8 Good Reasons to Help Build your Local Economy


(That aren’t carbon)

I admit that I’ve been trying to frame this argument for months. I am going to publish this in the middle of the thinking, because I’d rather discuss the imperfectly formed ideas than hold onto them for another several months. I started a brief flurry of activity on LinkedIn last fall, recording short videos for several of them. I’ve linked the videos in the various sections.

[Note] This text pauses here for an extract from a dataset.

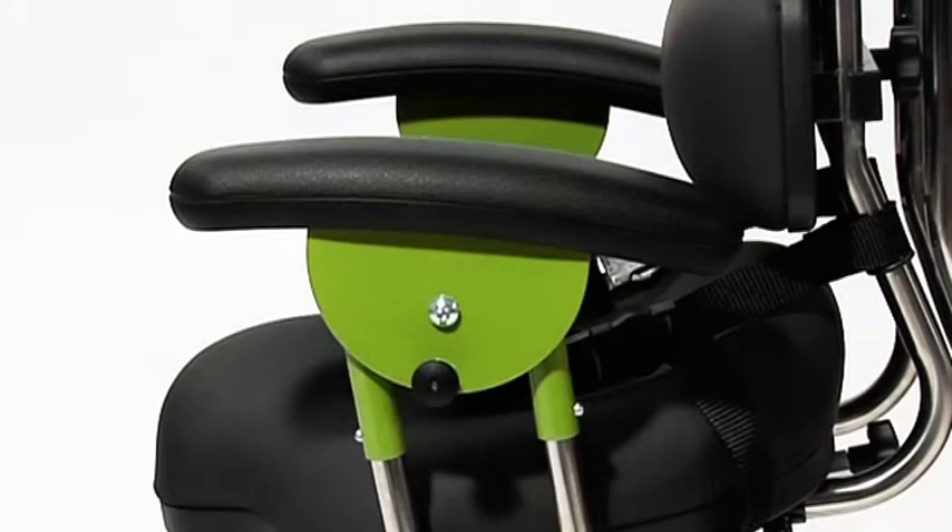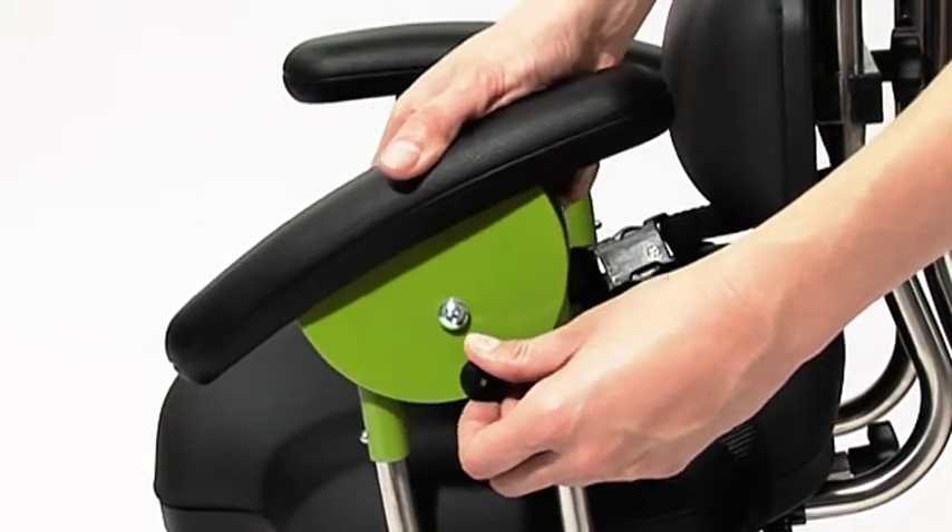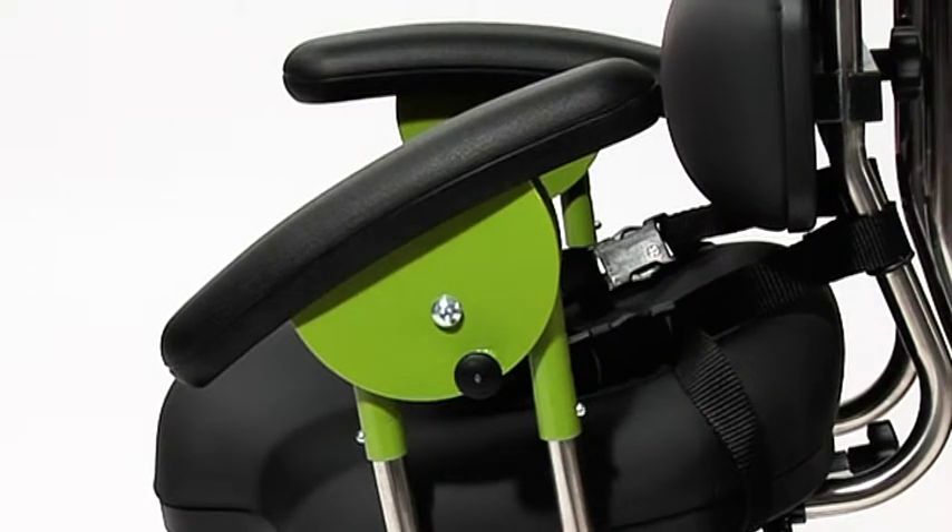To adjust the angle of the armrests, pull the spring plunger. Tilt the armrests to the desired position, then ensure the spring plunger is re-engaged.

  1. Develop economic resilience
    Our current economy is deeply vulnerable to external shocks, and the more we need to obtain from places far away, the greater the risk of disruption. This is especially true for places in which even work is really done for far off businesses… the situation at a distance can change, and through no fault of your own, your entire local economy can be vulnerable. The more things you have the ability to source locally, the less your basic needs are susceptible to the whims of the broader world. (https://www.linkedin.com/feed/update/urn:li:activity:7135001228547117057/)
  2. Rebuild local relationships
    Get to know your neighbours. Even in a time of global disruption, the solutions are largely developed one neighbourhood at a time. You need one another in times of crisis.
  3. Redevelop and preserve (technologically) obsolete skills
    We don’t really need to grow our own food, or knit, or keep animals, or even cook, truth be told. But boy oh boy… if we need that down the road someday, we sure want somebody to know what they are doing.
  4. Diversify our society
    The only thing that is sustainable is diversity… by which I mean “keeping alive many solutions to the problems of living”. Human beings are evolved to flex around a changing world – but if we all try to flex into the same space of material use, it eventually becomes full.

    In a merged global industrial system, with one correct answer to the question of “how should we live,” we are all stuck competing for one niche – resulting in one set of demands on the system, one kind of waste stream.

    All our impacts are amplified at scale.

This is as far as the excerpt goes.